An old teammate and friend of mine asked me an interesting question once during one of our high school volleyball practices. She turned to me after our usual warm up laps and said between puffs of air, “Nicole, if you could have anyone commentate your life, who would it be?”
I just stared at her in disbelief. Often I didn’t know how to let my mind wander creatively like that and I always admired her ability to do so. I rarely gave power to a thought of such nature and I certainly never dreamed of discussing such silly issues when it was time to practice.

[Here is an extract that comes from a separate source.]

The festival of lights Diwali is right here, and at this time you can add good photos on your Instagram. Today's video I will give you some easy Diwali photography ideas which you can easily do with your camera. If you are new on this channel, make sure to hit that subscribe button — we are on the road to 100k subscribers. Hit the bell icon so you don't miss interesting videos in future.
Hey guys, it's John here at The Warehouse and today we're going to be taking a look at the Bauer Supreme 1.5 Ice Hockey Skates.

But I laughed it off, told her that I had no idea, and then listened to her present her case for her choice commentator, which I can no longer remember, while we warmed up our arms for practice.

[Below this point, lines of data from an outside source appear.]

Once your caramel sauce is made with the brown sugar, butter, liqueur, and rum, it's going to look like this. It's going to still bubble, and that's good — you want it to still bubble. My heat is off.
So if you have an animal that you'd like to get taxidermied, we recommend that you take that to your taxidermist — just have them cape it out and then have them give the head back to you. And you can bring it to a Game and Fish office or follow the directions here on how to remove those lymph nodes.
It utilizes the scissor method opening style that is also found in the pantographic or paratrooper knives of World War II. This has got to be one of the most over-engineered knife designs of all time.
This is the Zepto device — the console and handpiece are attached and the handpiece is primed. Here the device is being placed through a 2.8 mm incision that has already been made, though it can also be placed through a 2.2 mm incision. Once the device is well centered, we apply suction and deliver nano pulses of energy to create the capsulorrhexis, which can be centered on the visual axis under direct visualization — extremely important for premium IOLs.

Years later, much more fun-loving and open-minded than I was in high school, I was watching ‘The Longest Ride’. I can honestly say that I’m not a huge Nicholas Sparks fan, you can tar and feather me later, but I did enjoy this movie. But then again, how could I not enjoy a movie with the ruggedly attractive spawn of THE Clint Eastwood as the lead role. I’m only human after all. Throughout the movie I found that my favorite scenes were the rodeo scenes. It was more about the rodeo for me than the love story. Having been raised by two Wyoming kids, I’ve been known to catch a rodeo here and there, one every summer to be exact. The bull-riding scenes in this movie were almost as captivating to me as the real thing and it only took me .09732 of a second to discover why. The announcer’s voice.
One word out of his mouth took me right back to my summers in the Grand Stands of the Cody Stampede Rodeo and gave me an answer to a question I ignored about 10 years earlier.

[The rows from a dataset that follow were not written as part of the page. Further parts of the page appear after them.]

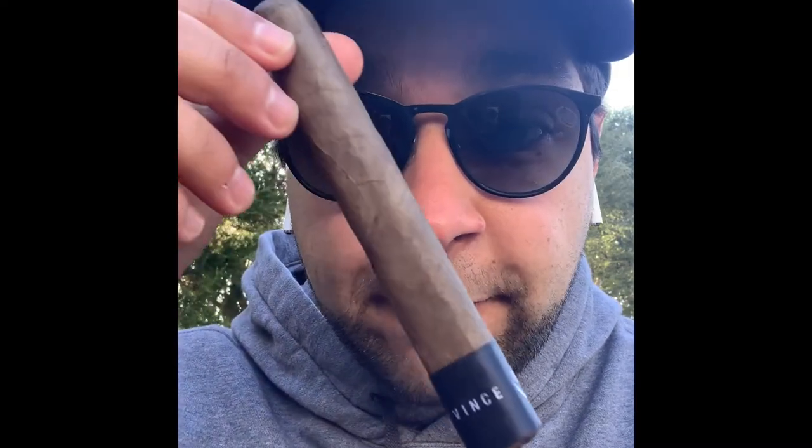We are back with another review — it's been a while, glad to be back. Today I'm doing the April LCA release from Privada: the Vince. Great cigar, I've tried one before, and I'm going to tell you all about this one.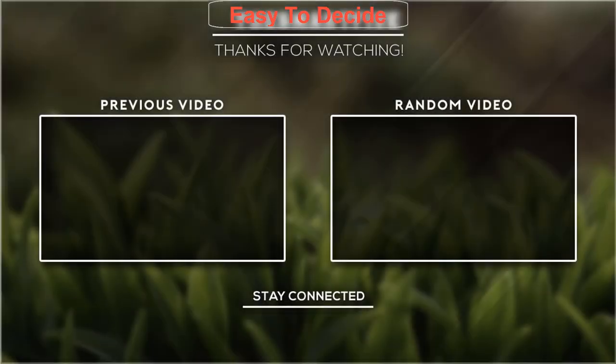Thank you for watching, guys. I hope you liked this video. If this video was helpful to you, please don't forget to subscribe.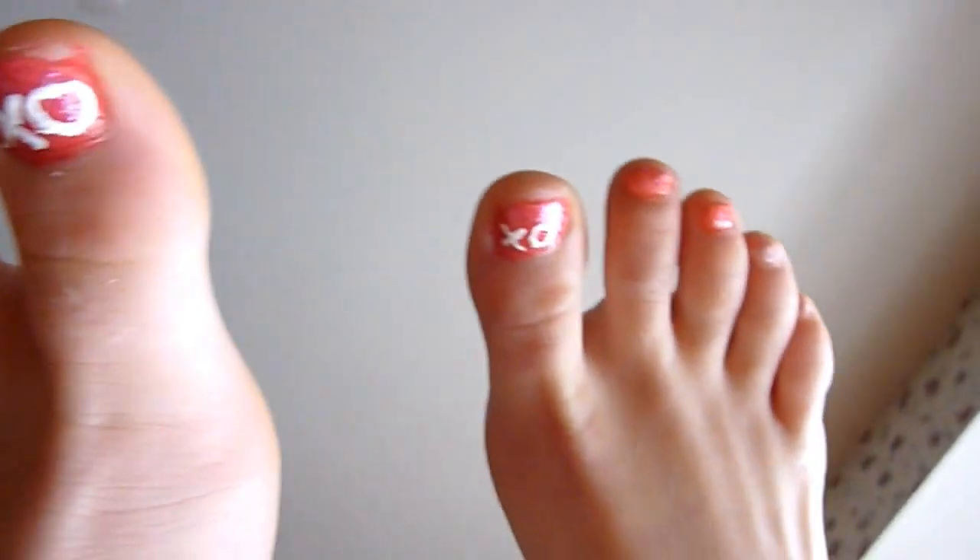Okay guys, that's it for our Valentine's Day pedicure tutorial. I hope you guys loved this tutorial just as much as I did. Make sure to give this video a thumbs up to see more nail tutorials in the future. And make sure to have a happy Valentine's Day. Bye guys!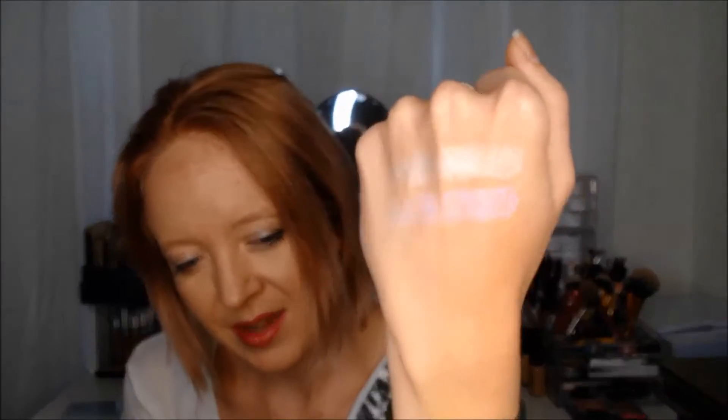It's not a super heavy glitter — nothing crazy amounts of glitter on your face — but it is much more glittery. It's not really chunky, but it is very glittery. There is a decent amount of difference there, but they are both beautiful. That is definitely the comparison of swatches there and you can see that difference.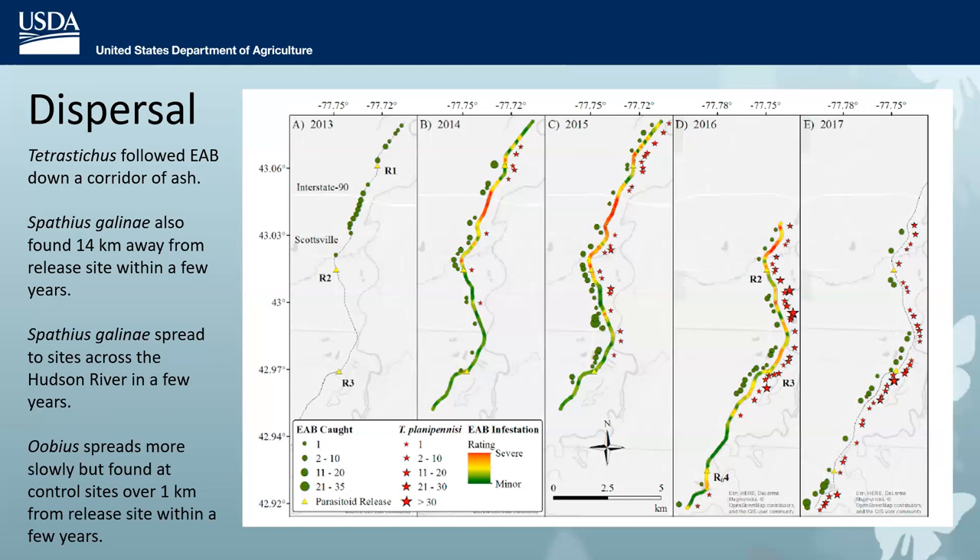Spathius gallini also disperses very well. Within a few years of release in New York, it was found 14 kilometers from a release site, and surprisingly showed up 8 kilometers away across the Hudson River at sites where it had never been released. Oobius also disperses — found at control sites a kilometer from release sites within a few years — but it is tiny and moves more slowly, and is much more difficult to track.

Something about the announcer at every rodeo I’ve been to, and the one in this movie, can make every other sound disappear. Their voices are so strong and commanding yet are able to maintain an undertone of reverence and encouragement. They have an authentic southern cadence that reflects God-fearing and patriotic values. And their projection is as pure as a pristine mountain stream and smoother than a Bo Duke slide.
But it isn’t just the rich, buttery smooth tone that I love so much. It’s also their ability to make the worst situations sound okay. If a cowboy gets bucked off, lands on his face in the dirt, and gets charged out of arena by a raging bull the announcer will still rally the crowd to give a round of applause; despite the fact that the cowboy had just disappointed an ignorant and expecting crowd by not being able to hold on for a measly eight seconds. “He’s not going home with any money tonight folks, we better give him a warm Wyoming round of applause! Show him our love and support! That 8 seconds is tough to do! You’ll get him next time cowboy!!”
So to answer a question I avoided so long ago, I would most definitely have a rodeo announcer commentate my life. I wouldn’t mind one bit having a handsome cowboy with a strong, silky voice follow me around every day to urge bystanders to support me with prayer, understanding, and rounds of applause. “She’s had rough go of it this evenin folks, let’s all lower our hats, bow our heads and ask the good Lord to look after her!” Or, “She’s on fiiirrre tonight, let’s all give her a good ol’ country shoutout, yeeeehhhaaaww!”
If you could choose anyone, who would you have commentate your life?